One can agree without reservation with DMX that:
“When DMX enters into a direct license with a music publisher, the music publisher assumes the obligation to pay the writer’s share of any performance royalty directly to the writer(s) of the licensed composition. Those payments are governed by the contracts entered into between a songwriter and a music publisher ... the writer is also dependent upon their music publisher to accurately and faithfully remit all funds due under applicable contracts.”So, US writers’ royalties first:
All should welcome DMX’s urging writers to check their statements to check for the “proper allocation of royalties”. Is DMX filing detailed usage data for US writers whose works they play so the publishers can pay the US writers in those directly licensed catalogues? Perhaps Lorne Abony can reassure US writers. Why? Because, sadly, writers are exposed to the risk that they may never see this licence revenue – it being highly likely that their contractual entitlement to be paid arises when usage is "directly and identifiably" attributable to their works.
One cheap and easy riposte from publishers might be to allege deficiencies in the statistical analyses by the societies to inform distributions. Aside from the maxim that smashing up other people’s furniture seldom makes one’s own furniture look any nicer, surely the societies’ administrative function is preferable, even if only as a matter of policy? It seems unfair that writers have to fund publishers’ generous executive salaries and bonuses and dividends to shareholders out of their earnings.
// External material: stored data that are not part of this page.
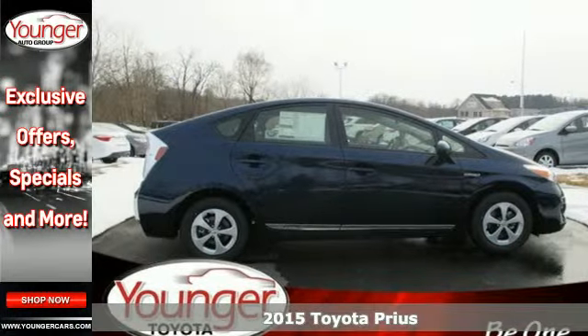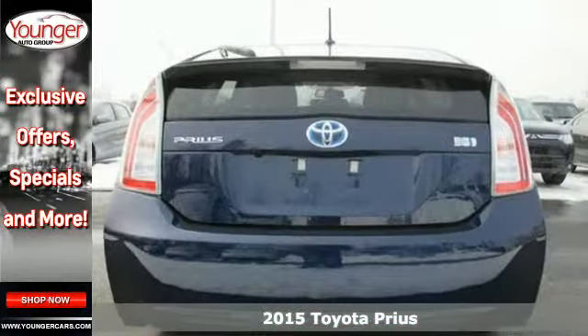It's a 2015 Toyota Prius. This is the one that started the tradition.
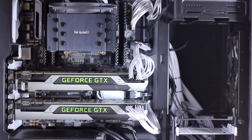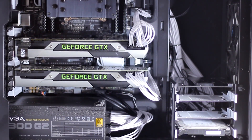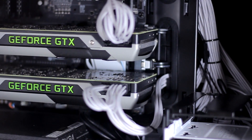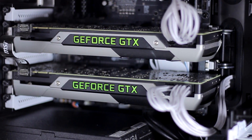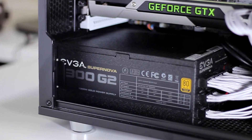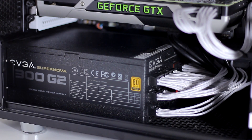My graphics cards are a pair of GTX 980 Ti's with 6 gigabytes of VRAM on each card — they are just absolutely beasts using that GM200 processor. My power supply is an EVGA 1300 watt G2, which I picked up because it's one of the best power supplies out there, but also it was only five dollars more than a 1000 watt, so I just went with the 1300 watt — why not.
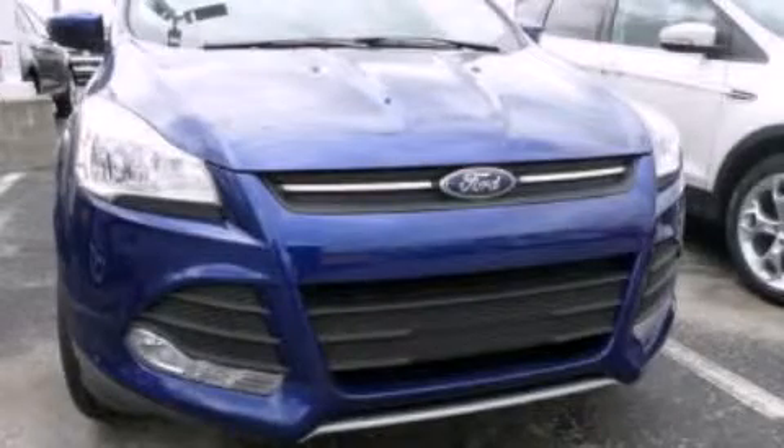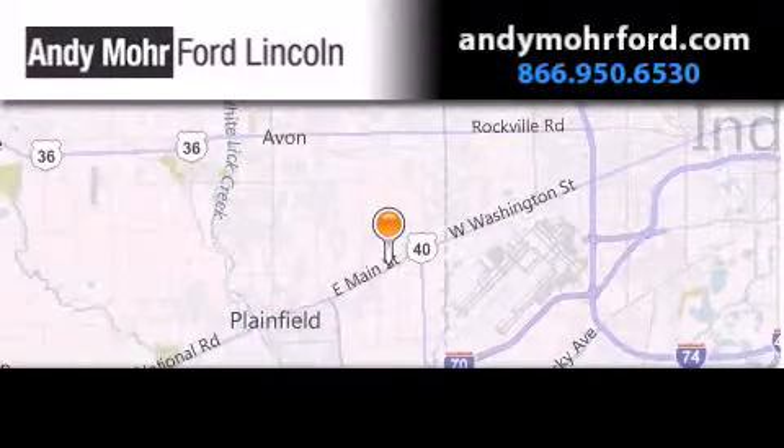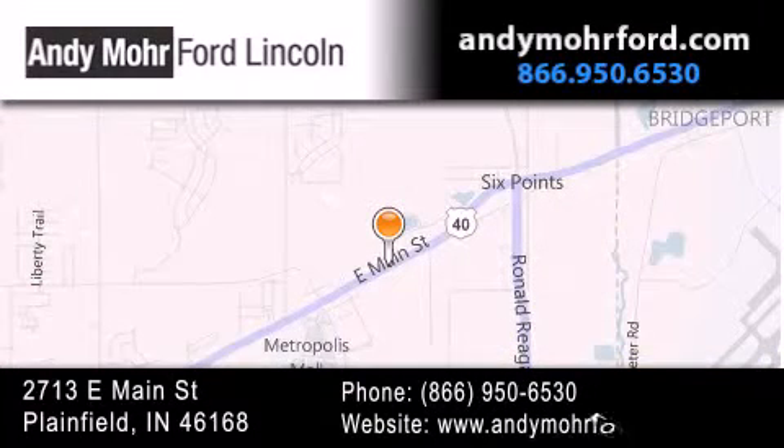Call now to find out how you can own this breathtaking vehicle. Andy Moore Ford Lincoln is the place to find new Ford and Lincoln cars and trucks and pre-owned vehicles in Indianapolis. You can search our new and pre-owned inventory online, get new car pricing, and receive free no obligation price quotes. Stop by and visit us today at 2713 East Main Street in Plainfield or see us online at AndyMooreFord.com.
Collecting societies, by contrast, are not-for-profit organisations whose senior executives are remunerated well below the levels of the major music companies. And writers sit on societies’ boards, can influence and monitor policy, tariffs and distributions.
Questions about the data relating to the performance by DMX of UK writers’ works, however, are largely academic because regrettably one cannot see how DMX can have been granted a valid licence as the US publishers do not have the UK writers' performing right to grant (though it may be useful to determine losses if any legal action were to ensue). Why?
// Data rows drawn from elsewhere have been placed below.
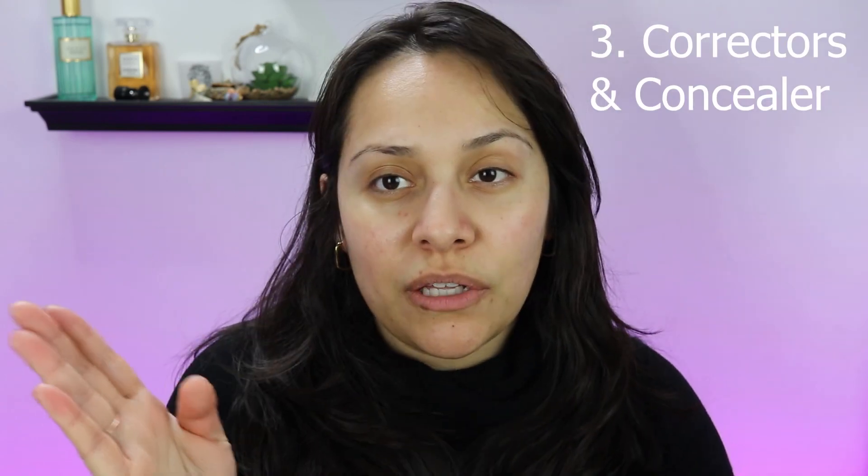After that, I want to talk about two things: correctors and concealers. Not everybody needs a corrector. If you have very dark circles, you're gonna want to use a corrector because it's gonna cancel out any darkness underneath the eyes, and then when you throw concealer on top it'll look nice and bright. If you don't need a corrector, you can totally skip that part and go straight to concealer.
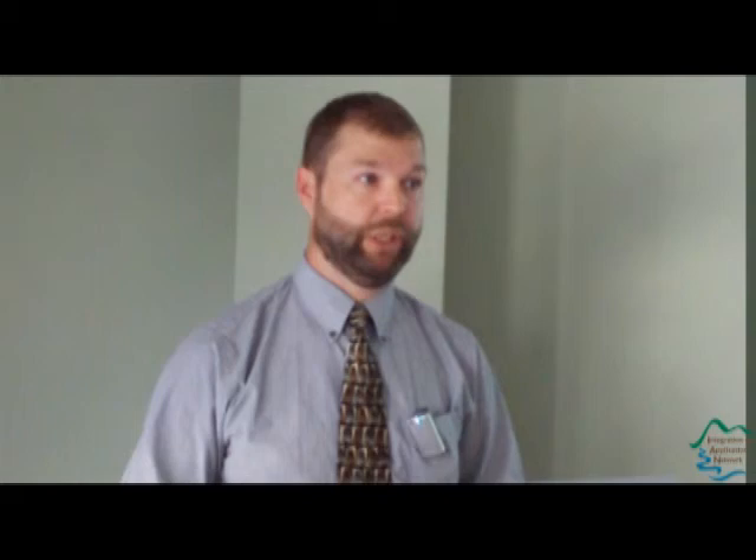I'd like to acknowledge folks at the South Carolina Department of Health and Environmental Control, the University of South Carolina, and Raytheon Corporation. If anybody has any follow-up questions or further comments about the models or where we might go, please give me a call or shoot me an email. Thanks very much.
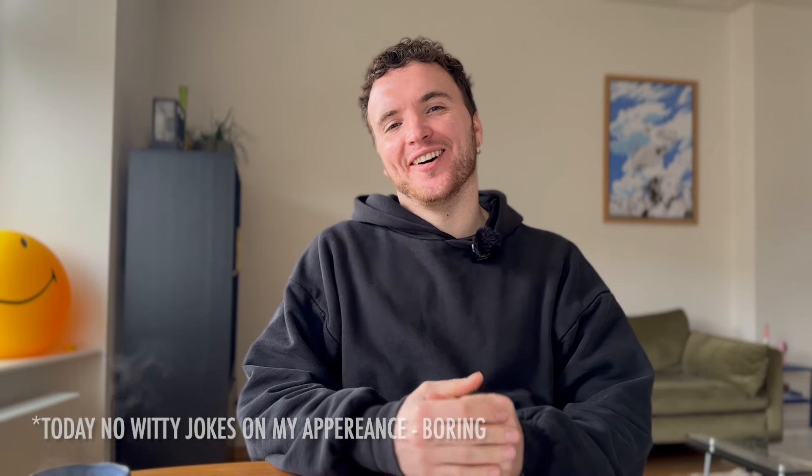Hi guys, welcome back to another video. It's great to see you here, coming to you from Amsterdam.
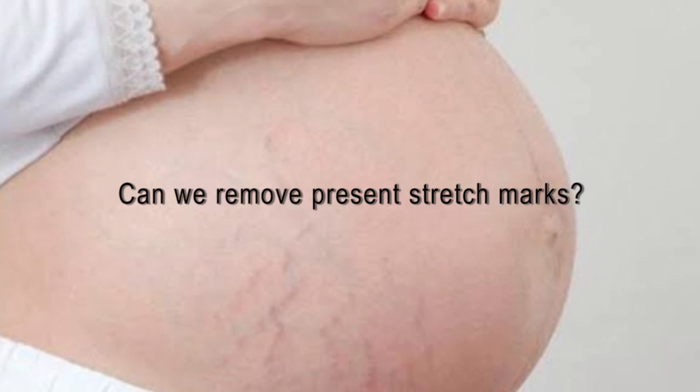Can we remove already present stretch marks? Unfortunately, once stretch marks appear they usually don't disappear completely with time — the skin may lighten and tone slightly, but they don't disappear permanently. If you are very worried about your stretch marks, you can consult a dermatologist, and laser treatment can help to remove them.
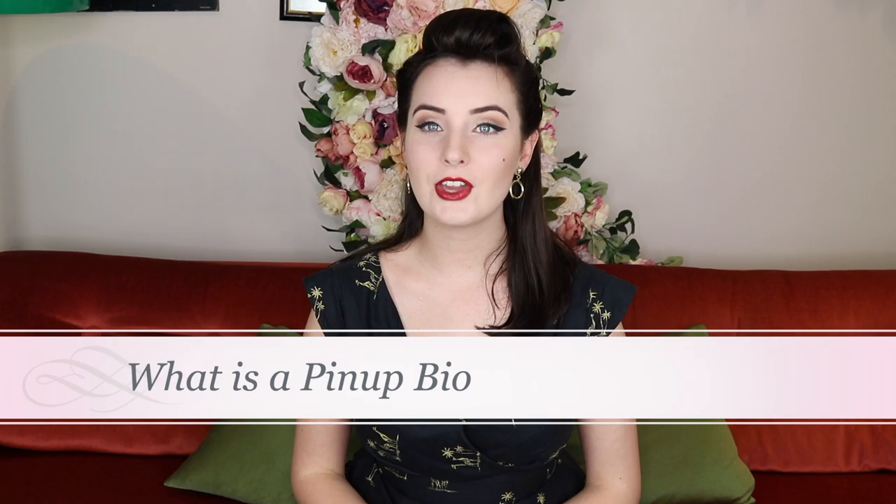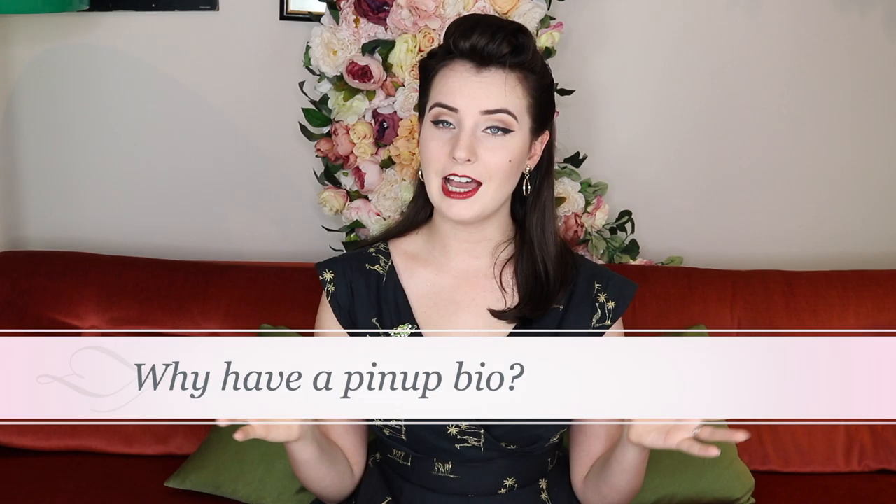Today we will be discussing how to write a pinup bio and how to fill out an application for a pinup pageant. So let's start with: what is a pinup bio? A pinup bio is a condensed biography which you send in as part of your application. It's an 'about me' section — really short — and something that can either be shown to the judges or read out as part of your performance. It's a great way of sharing a little bit about you in a mini advertisement, but it is no way your entire life story.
The writer’s assignment to the publisher is customarily "subject to" the writer’s assignment of the broadcast and public performance right exclusively to PRS for Music. This exclusive grant by the writer is a personal contract (the Membership Agreement) between each writer and PRS for Music. A music publishing contract presupposes a writer's membership of PRS - clarifying the position in terms whereby, should a writer resign from PRS for Music, the performing right will vest with the publisher. But only where the writer resigns their membership.
One by product of this arrangement is that a publisher cannot compel a writer to resign from the society without exposing themselves to allegations of tortious interference ie inducement breach a contract which, under English law, is a tort.
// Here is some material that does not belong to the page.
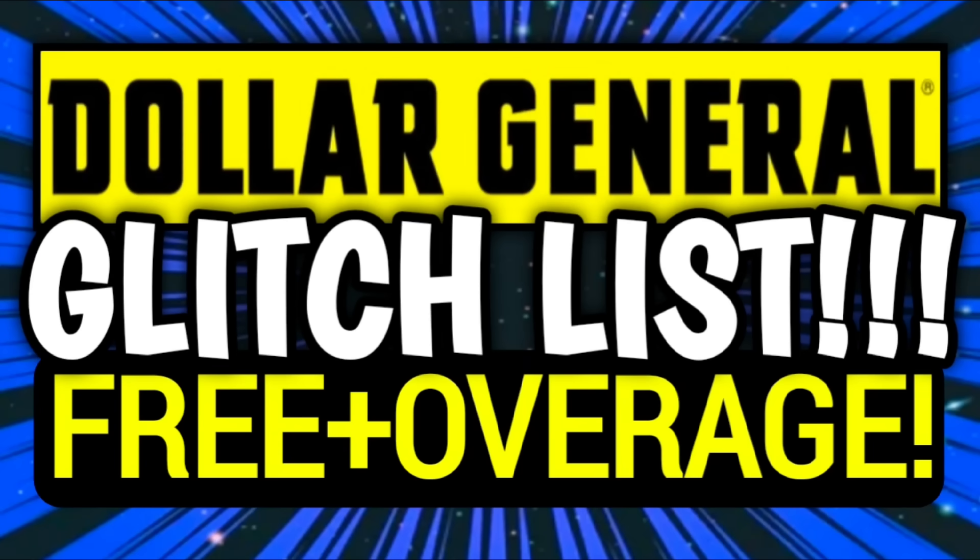Hey guys, it's Crazy Coupons. Welcome back to my channel. In today's video we're going to be going over our Dollar General Glitch List because we have tons of glitches going on at DG right now.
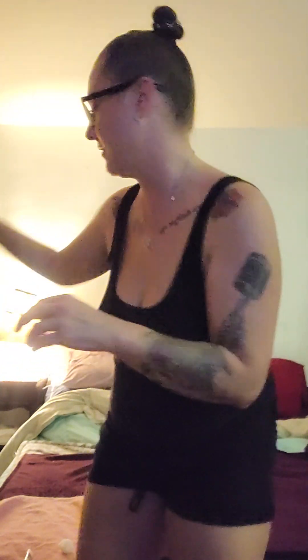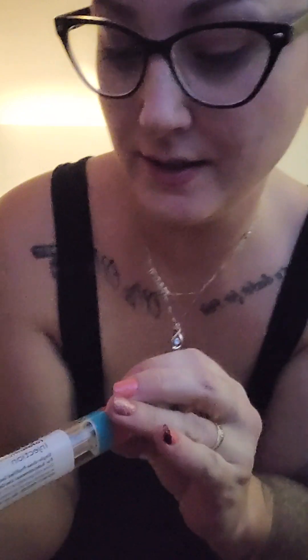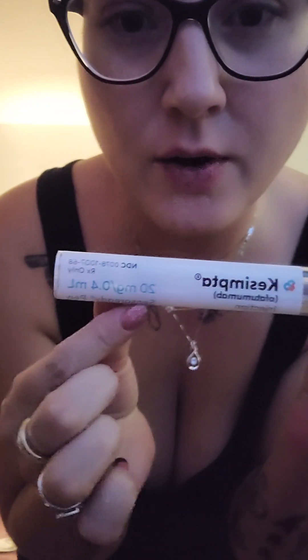Hi guys, me again. I almost forgot to do my shot, so forgive my lighting — my kids are here invading my living space. I'm just going to come back and do a quick update. I still haven't had my updated MRIs, but I'll keep you posted on that. We are going to be doing our Kesimpta pen injection today. This is the 20 milligrams.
There is no question of the PRS issuing licences in the USA. The UK writers’ rights pass exclusively to the PRS and then onward to societies in the US - not to the US publishers. It is interesting to see how many more members of the public than was first thought receive DMX's service – 120 million listeners per day. That’s quite a reach and, as writers are the basic building block of DMX’s supply chain, one begins to be sympathetic to their position – playing some music that they were assured was granted under a valid licence. One hopes they will discuss their difficulties with their purported licensors.
In the meantime, UK (and Canadian, Australian, and Continental European) songwriters, composers and lyricists should be entitled to expect their revenues to be paid to them by PRS for Music, the body that, by contract, they authorised to act as their exclusive licensors – money arriving in Blighty from the USA via ACSAP, BMI and SESAC".